Maine is also tied into the repeated motifs of cars and driving. When Ani was in her accident, she told the EMTs that she was driving to Maine. She tells Eddie that she wasn’t heading there, but that perhaps she might have if she had kept driving. Where cars are concerned in the play, there is a fine line between safety and danger. Driving is a means of mobility and escape. Eddie describes driving across the country and seeing its vastness and beauty. Yet Ani’s attempt to escape ends in an accident, and ultimately, her death.
Eddie loses his license and livelihood behind the wheel of a car when he drives under the influence. For Jess, her mother’s car is her last semblance of shelter. Jess says that she had slept on other people’s couches for a while, but she became tired of relying on others. Living in her car allows Jess to feel entirely self-sufficient. It’s a piece of property that belongs to her. But the battery has died, and Jess admits that she doesn’t know how to survive such cold weather. Eddie recognizes the potential danger of cars, worrying that Jess might die like the woman who suffocated on gas fumes. He sees these accidents as moments of bad luck that balloon into devastating consequences. Offering shelter to Jess is his way of trying to prevent the unknown.
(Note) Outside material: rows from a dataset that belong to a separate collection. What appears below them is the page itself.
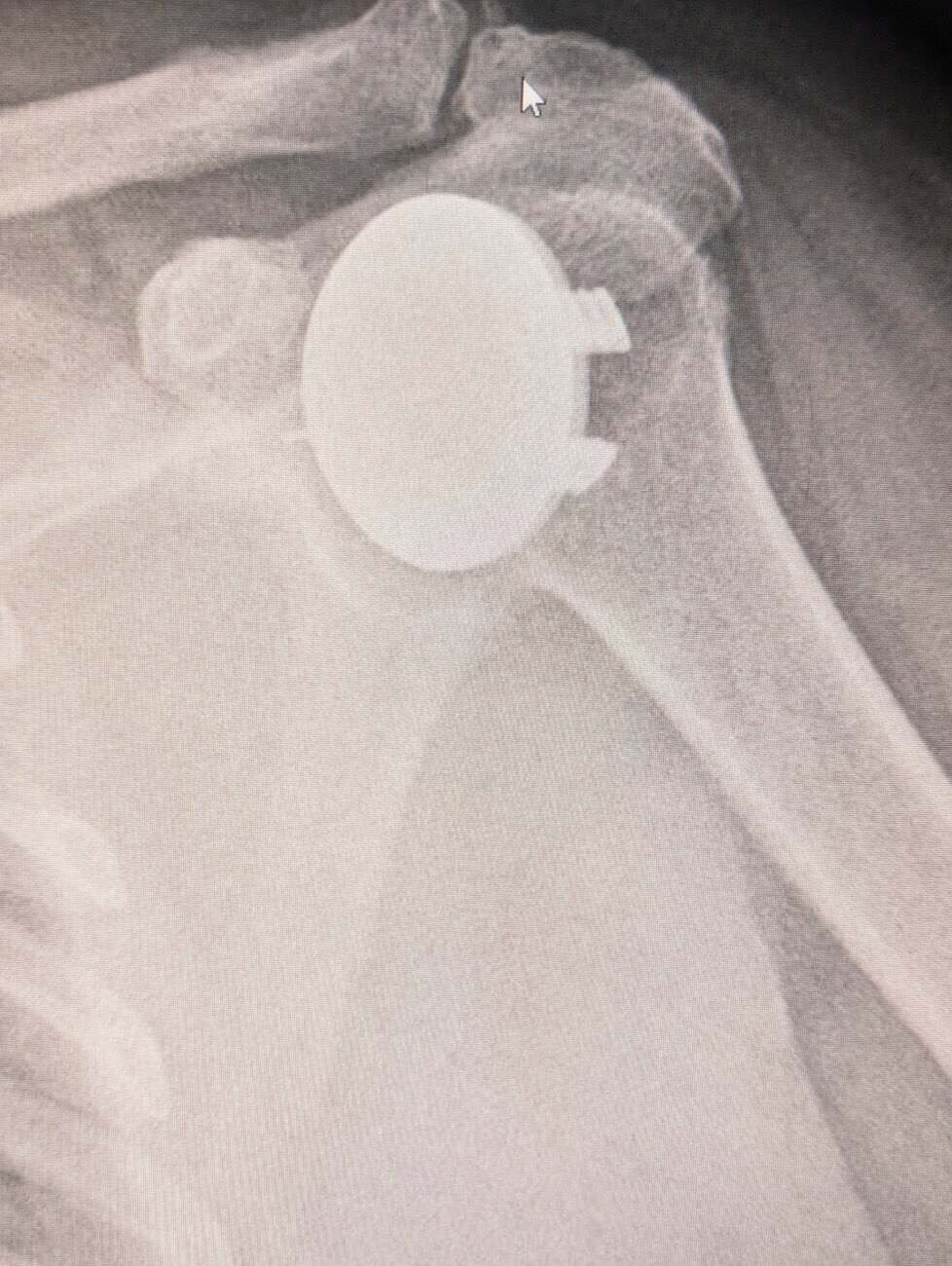 Radiograph showing an anatomic shoulder replacement in position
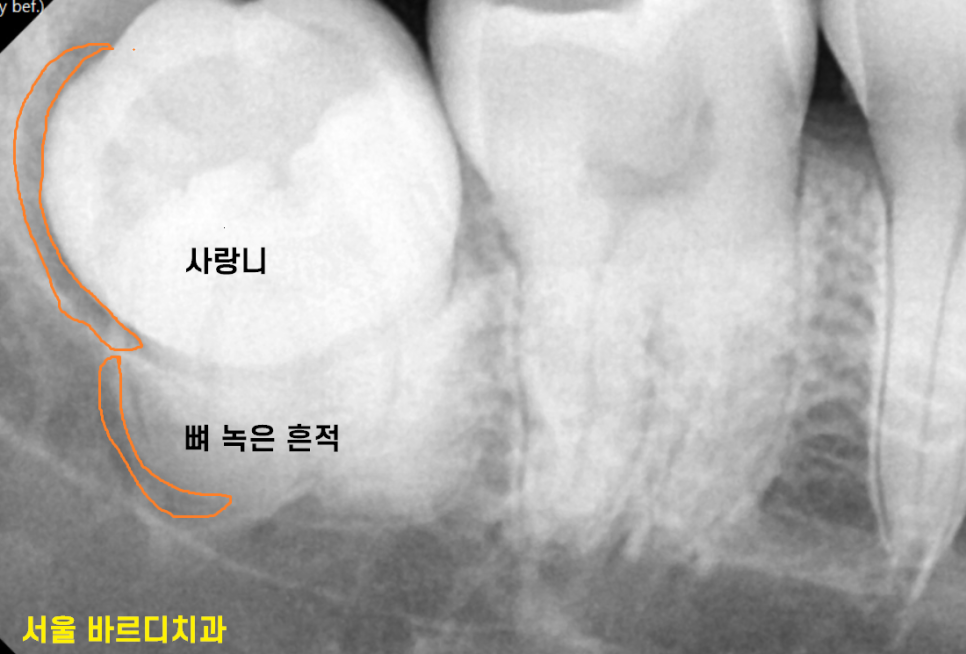 상일동 사랑니 맨날 뽑아야지는 그만!! 매복 치아도 깔끔하게 뽑으세요 관련 이미지 5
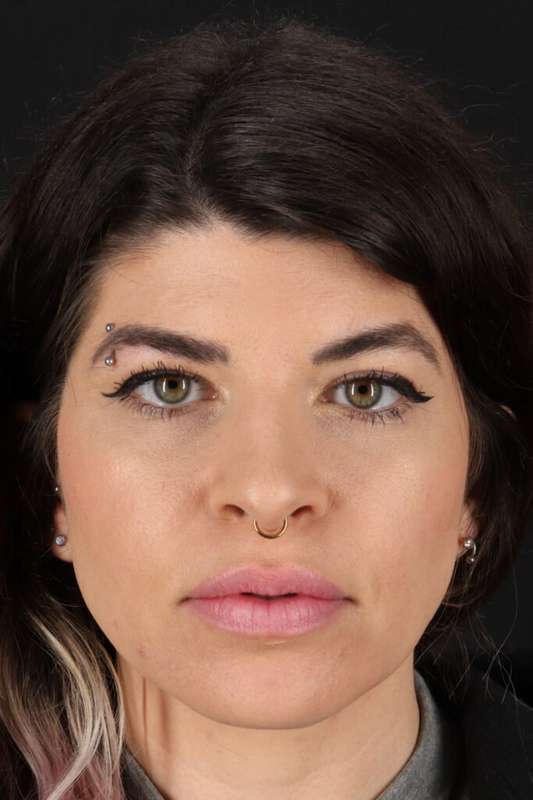 Brow Lift Before & After Patient #4912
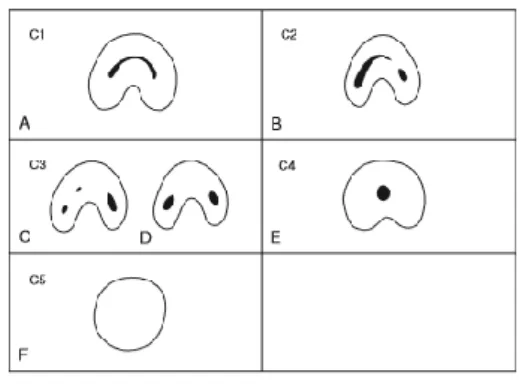 Figura 6 Classificação da configuração dos canais em &#34;c&#34; ( cit. in Cohen, 2016)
Bathing and the ability to be clean are a matter of human dignity. They are complicated in the play by disability and poverty. Both John and Ani require a caretaker to bathe them, which means allowing another person to see and touch their naked bodies, regardless of insecurity or discomfort. John tells Jess that he doesn’t have a choice in whether to have another person shower him, but Jess reminds him that he does have a choice in who he hires to do the bathing.
Typically, John’s two options would be a professional caretaker or a loved one, both of which have drawbacks. John is living on his own for the first time, and he is accustomed to being bathed by professional nurses and caretakers. Because he has money, John hires Jess privately. He wants something more than what professionals offer, although he isn’t quite sure what that means at the time. It becomes clear that John wants his caretaker to be emotionally vulnerable to make him feel more comfortable with his physical vulnerability. He manages to break down Jess’s defenses, but this backfires when she develops feelings for him. Although their relationship is based on John’s need for help washing himself, he doesn’t show Jess much understanding when she steals soap, an act which suggests that she too needs help to stay clean.
John is most sensitive about exposing his genitals, which he is still able to wash himself. Jess sees his entire body in the shower, but turns to give him privacy. Giving the illusion that she hasn’t seen his genitals creates an interesting juxtaposition between her flirtatious relationship with John and the first date John is going on with Madelyn, who he hopes will want to see his genitals.
Ani prefers a nurse who is friendly but impersonal; it helps her to forget herself. Eddie sells himself as a potential caretaker by reminding Ani that he knows her body better than anyone, but this only reminds Ani of her body before the accident. Eddie wins out as the most financially viable choice, but his familiarity with Ani’s body creates issues. As he washes her, Eddie touches Ani’s genitals in an attempt to test her ability to become sexually aroused. However, he is uncomfortable when she asks him to perform the simple function of washing them. Eddie doesn’t see Ani for her new reality as a disabled person. Her bath nearly becomes deadly when he leaves the room and she almost drowns.